The Court's catchwords and conclusion state that the contraventions were established as alleged. Bromwich J said the ACCC had established its case against Ultra Tune in relation to all alleged breaches. The Court imposed a pecuniary penalty of $2,604,000.

The orders extracted from the judgment require Ultra Tune to pay that penalty within 60 days, to pay $33,000 plus interest for the redress of Mr Nakash Ahmed, and to pay the ACCC's costs on an indemnity basis. The orders also required the parties to furnish agreed or competing draft orders and declarations to reflect the reasons. The contents list of the reasons refers to declarations, injunctions, a compliance order and publication orders, and the judgment states that the other types of relief sought by the ACCC should also be granted.

For business owners, the outcome shows that franchise compliance failures can lead to a package of consequences, not just one penalty. There can be a large pecuniary penalty, repayment or redress, indemnity costs and additional orders aimed at changing future conduct.

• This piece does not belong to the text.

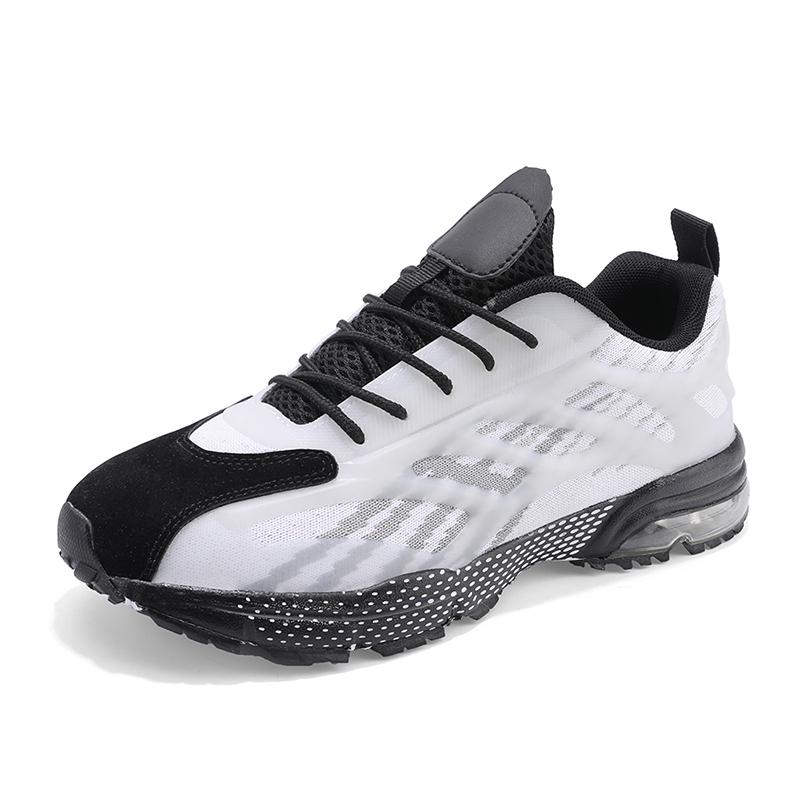 New Youth Running Shoes Air Cushion Cushioned Anti-slip Tidal Shoes Ultra-light Students Net Surface Breathable Sports Shoes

The case should also be read as a warning about culture. The Court's comments about fabricated records and the inability to accept most of Ultra Tune's evidence and submissions are central to the judgment, not incidental. Businesses often focus on whether they can technically defend a claim. This decision shows that the way a business behaves during a complaint, investigation and hearing can materially affect the result.

If you run a franchise network, the practical reading is straightforward. Give someone clear responsibility for annual disclosure updates. Prepare marketing fund statements on time and with enough detail to be meaningful. Keep reliable records of when documents are given to franchisees and prospects. Train sales staff on what they can and cannot say about price, rent, site history and refund rights. If money is taken before the deal is final, document the basis for that payment accurately from the start.

If you are buying a franchise, this case is a reminder to compare verbal statements with the written documents, ask for the required disclosure material before paying money, and be cautious if the explanation for a deposit or total price changes over time.

As to dates, the hearing dates in the court text include 1 to 4 May 2018 and 2 August 2018, although the extract appears to contain a typographical error showing 2 August 1018. The judgment is dated 18 January 2019. The orders section appears to show 18 January 2018, which is inconsistent with the judgment heading and appears to be another typographical error.

Common questions

Why is Ultra Tune useful for small franchisors?

Because it shows that Code compliance is practical, not ceremonial. Smaller franchisors still need accurate disclosure, useful fund reporting and documented processes.

Does a marketing fund statement need detailed evidence?

It needs to give franchisees meaningful information about expenditure. Broad labels can be risky if they do not help franchisees understand how their contributions were used.

Is this only a franchisor problem?

Mostly, but franchisees can use the case to understand what information they should expect before signing and during the relationship.